━━━━━ Available data ━━━━━

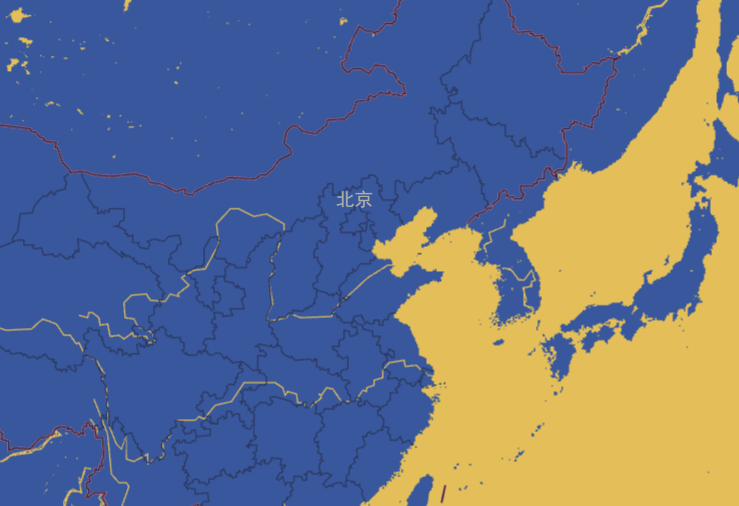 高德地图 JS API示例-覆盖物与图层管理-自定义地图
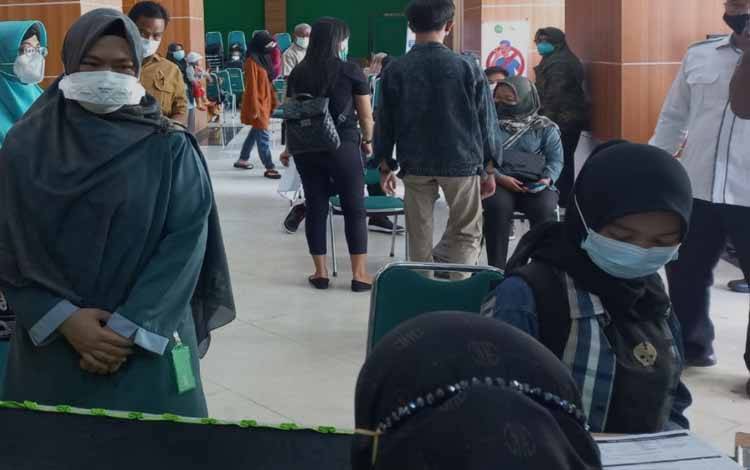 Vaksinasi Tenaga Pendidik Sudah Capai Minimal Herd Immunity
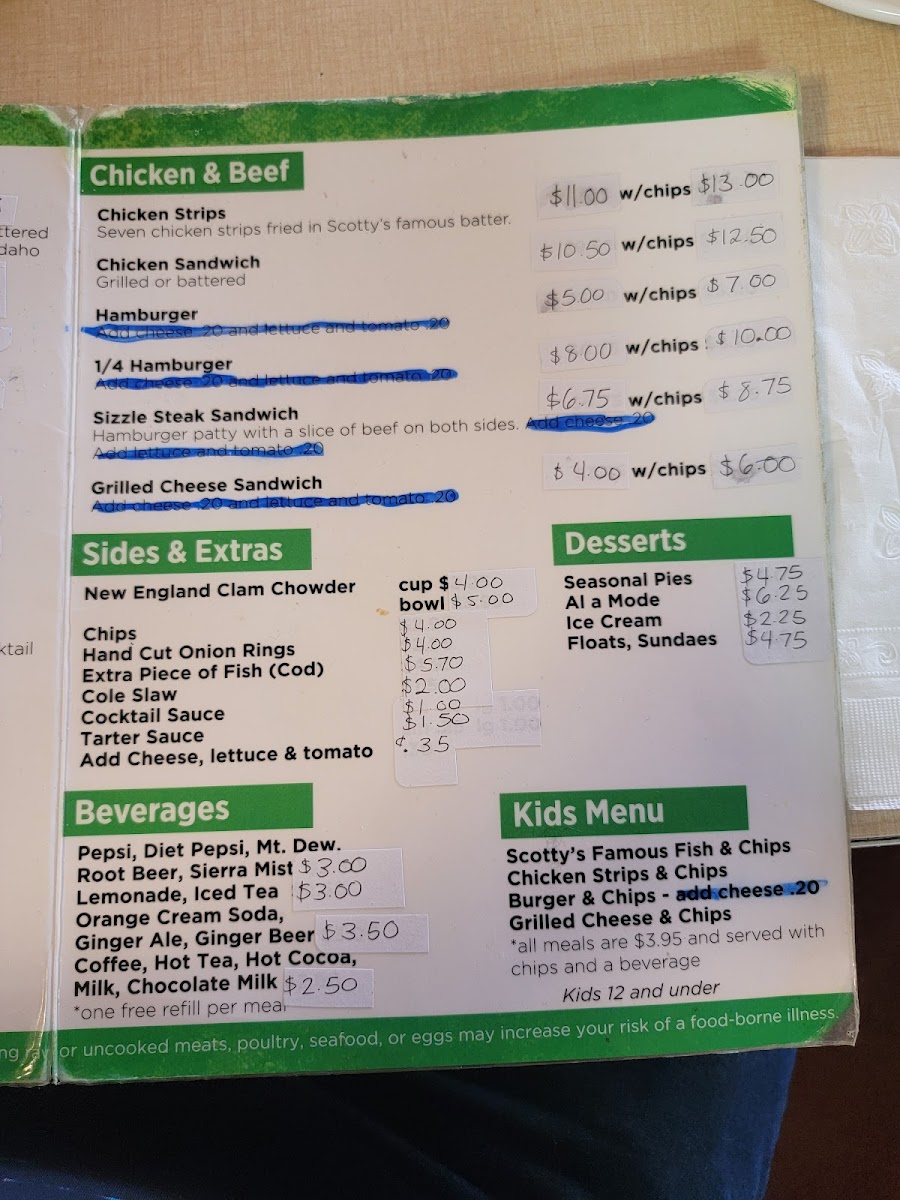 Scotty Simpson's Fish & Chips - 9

━━━━━

■ **Assigned task**
Leaving the pictures aside, write out only the lines from the one containing "Vaksinasi Tenaga Pendidik" through the end of the material, exactly as they stand.

■ **Task response**
 Vaksinasi Tenaga Pendidik Sudah Capai Minimal Herd Immunity
 Scotty Simpson's Fish & Chips - 9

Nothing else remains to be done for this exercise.